Deciphering scribbles: Why converting handwriting to text requires advanced AI

Mar 15, 2022 by Automation Hero

OCR already excels at printed text conversion, but struggles with handwriting. Here’s how AI can help

“Paperwork” used to be a common word in the office, but in our increasingly digital world, you might have trouble remembering the last time you heard it. Still, many organizations continue to use paper forms throughout their operations to avoid the challenges and support costs of large-scale digitization. However, in avoiding the time and cost of digitization, companies may end up applying more time and manual labor to processing their paper forms, especially when it comes to inputting information from handwritten documents.

Putting pen to paper is especially common for intaking customer information. Organizations in healthcare, finance, retail, and beyond, often use paper forms for

  • New patient questionnaires
  • Deposit slips
  • Retail loyalty card applications
  • Membership applications

In most fully digitized offices, processing these documents always creates extra work. Handwritten information is useless until it’s in a format computers can understand. Employees have to scan each page and run it through an OCR (optical character recognition) program or manually type in the data.

Doing this for a few documents here and there isn’t an issue. But when it involves dozens or hundreds of documents per day, it creates serious workflow challenges that eat up a lot of resources. Automation has taken a lot of the pain out of these processes, but many tools still struggle with converting handwriting to text.

Fortunately, advanced AI is starting to ease the burden.

The limits of legacy OCR

When an OCR program scans a document image, it examines each pixel and its relationship to the others around it, looking for specific patterns. On simple text documents, it’s actually the shape of white and dark pixels that create letters, numbers, and other characters. When OCR recognizes a shape that’s a character, it converts it into text a computer can recognize, essentially replicating the process a data entry specialist would follow as they re-type the words from a paper document into a computer.

The earliest forms of OCR could only recognize specific fonts and colors. Over time, their ability to recognize patterns grew, encompassing more fonts, as well as text from images with more colors and design flourishes, such as flyers, marketing pamphlets and other complex documents. Eventually, OCR evolved to recognize handwritten print letters. Of course, the accuracy was incredibly low, requiring almost as much manual processing as data entry.

Why we need advanced AI for converting handwriting to text

Deciphering handwriting takes much more cognitive processing than just recognizing patterns. Reading the handwriting of even just one person requires the ability to recognize an incredible number of character variations and handwriting styles compared to printed text.

Think about your own (unconscious) strategy for reading printed letters and cursive. First, you recognize shapes as letters. If certain characters aren’t legible, you may look at the surrounding letters and words for context to discern what the unreadable characters are. Sometimes, it’s impossible to even read your own handwriting, especially if you scribbled a note in a hurry. 

For a machine to decipher cursive requires algorithmic training on the direction of pen strokes and how different letters flow into each other. Without this kind of base knowledge and analytical ability, OCR will have trouble even seeing cursive as writing.
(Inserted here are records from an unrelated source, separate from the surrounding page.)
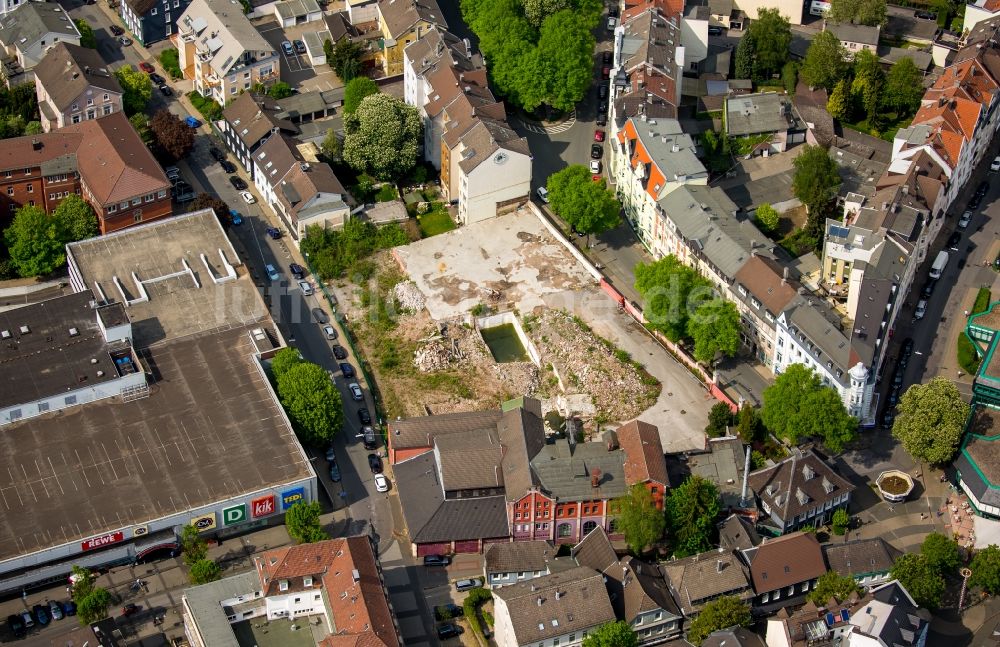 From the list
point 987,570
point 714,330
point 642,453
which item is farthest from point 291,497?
point 987,570

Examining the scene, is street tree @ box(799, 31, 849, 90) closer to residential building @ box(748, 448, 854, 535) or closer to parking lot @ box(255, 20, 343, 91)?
parking lot @ box(255, 20, 343, 91)

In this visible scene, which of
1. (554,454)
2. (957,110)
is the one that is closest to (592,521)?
(554,454)

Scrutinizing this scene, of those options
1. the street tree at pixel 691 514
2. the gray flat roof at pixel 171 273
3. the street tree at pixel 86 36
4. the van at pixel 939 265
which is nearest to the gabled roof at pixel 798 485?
the street tree at pixel 691 514

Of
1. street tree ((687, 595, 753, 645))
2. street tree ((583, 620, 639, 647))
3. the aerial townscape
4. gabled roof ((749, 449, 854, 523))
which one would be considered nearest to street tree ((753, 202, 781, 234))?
the aerial townscape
We are still a long way off from having free-thinking machines, but artificial intelligence has advanced enough to perform some of its own simple versions of our cognitive processes. And until we can teach them to fully replicate our reasoning abilities, we can train algorithms with specific data to improve accuracy.

Fully automating the process of converting handwriting to text is a challenge people have been working on for a long time. Technology is just now providing enough accuracy and speed to support business processes, improving productivity for businesses that haven’t switched to fully digitized forms. Investing in and implementing AI capable of processing handwriting helps companies stay ahead of the curve, and remain competitive in a fast-paced marketplace.